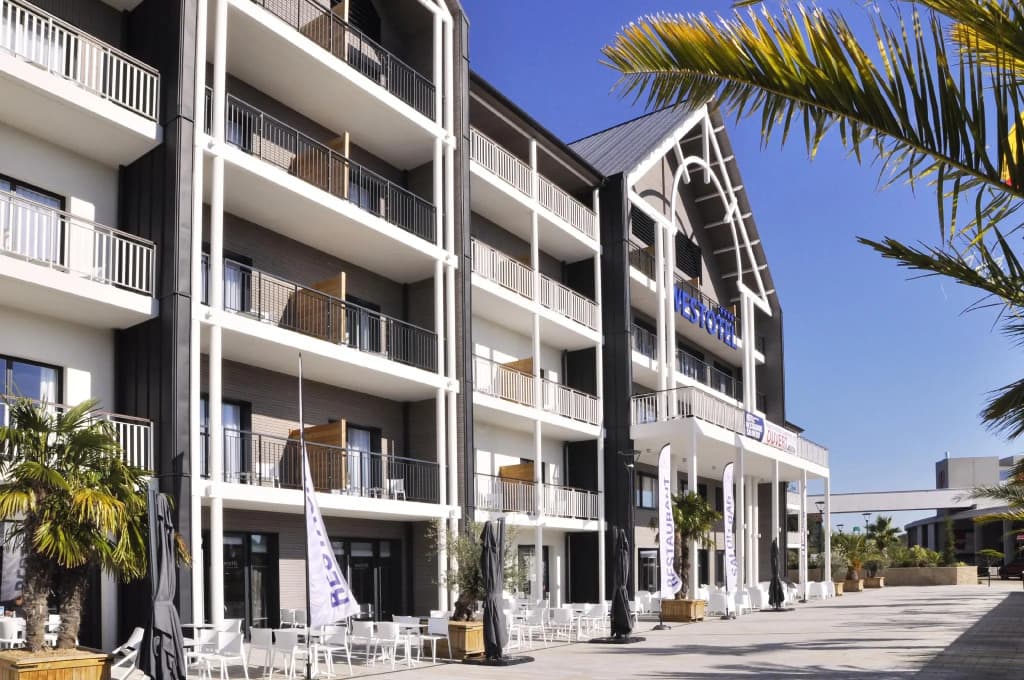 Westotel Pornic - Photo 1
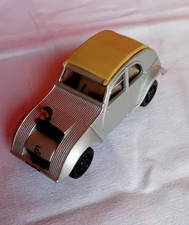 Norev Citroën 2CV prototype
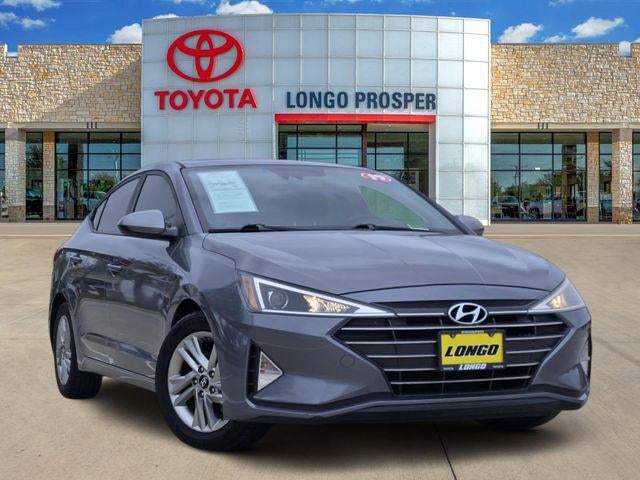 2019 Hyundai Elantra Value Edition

----------------------------------------

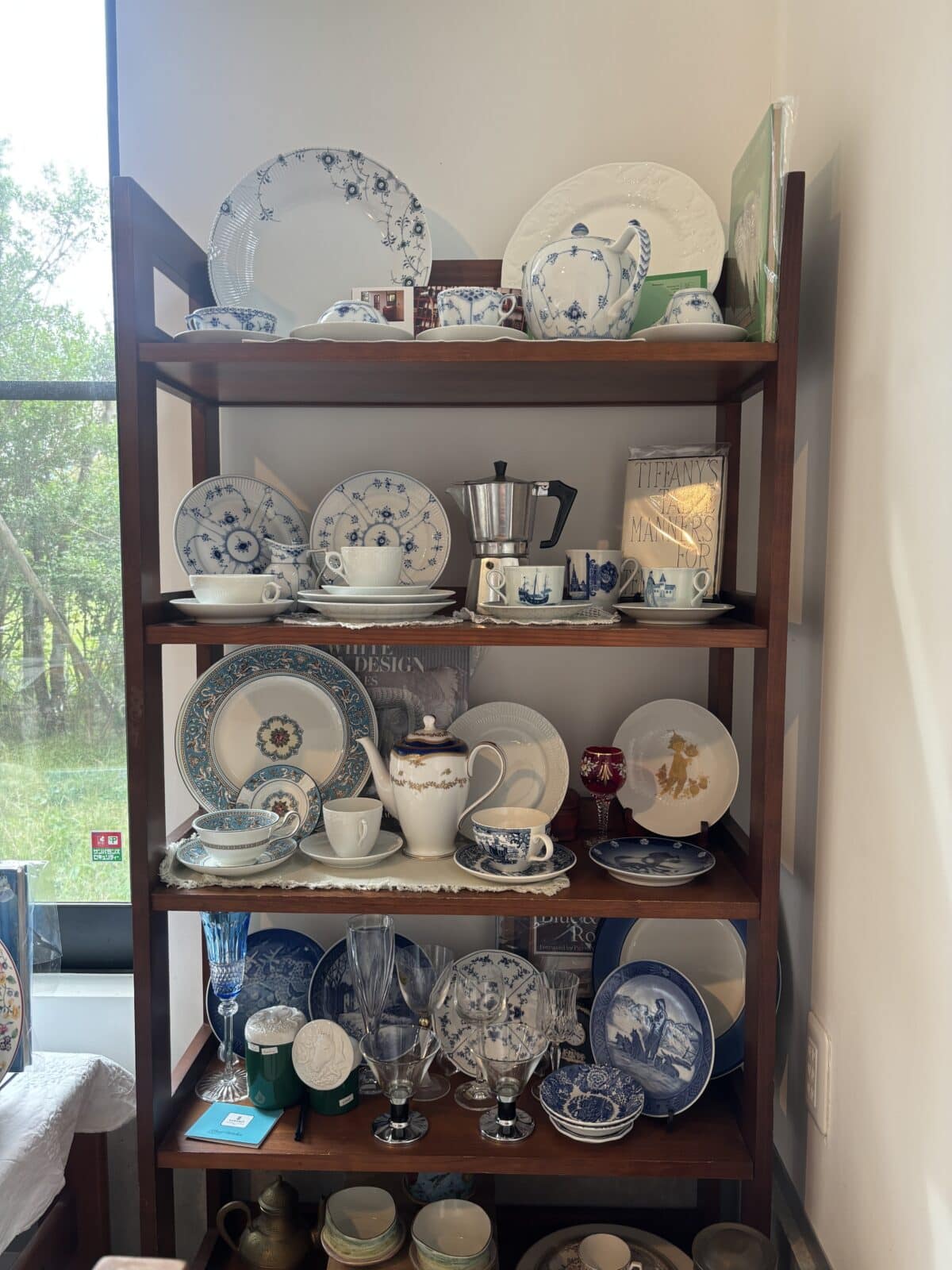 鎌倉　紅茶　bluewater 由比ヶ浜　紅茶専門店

----------------------------------------

PROBLEM REQUIREMENTS:
Copy the entries above exactly, but only the stretch from the line containing "Westotel Pornic - Photo 1" through the line containing "2019 Hyundai Elantra Value Edition". Keep both end lines; drop the pictures.

WORKED SOLUTION:
 Westotel Pornic - Photo 1
 Norev Citroën 2CV prototype
 2019 Hyundai Elantra Value Edition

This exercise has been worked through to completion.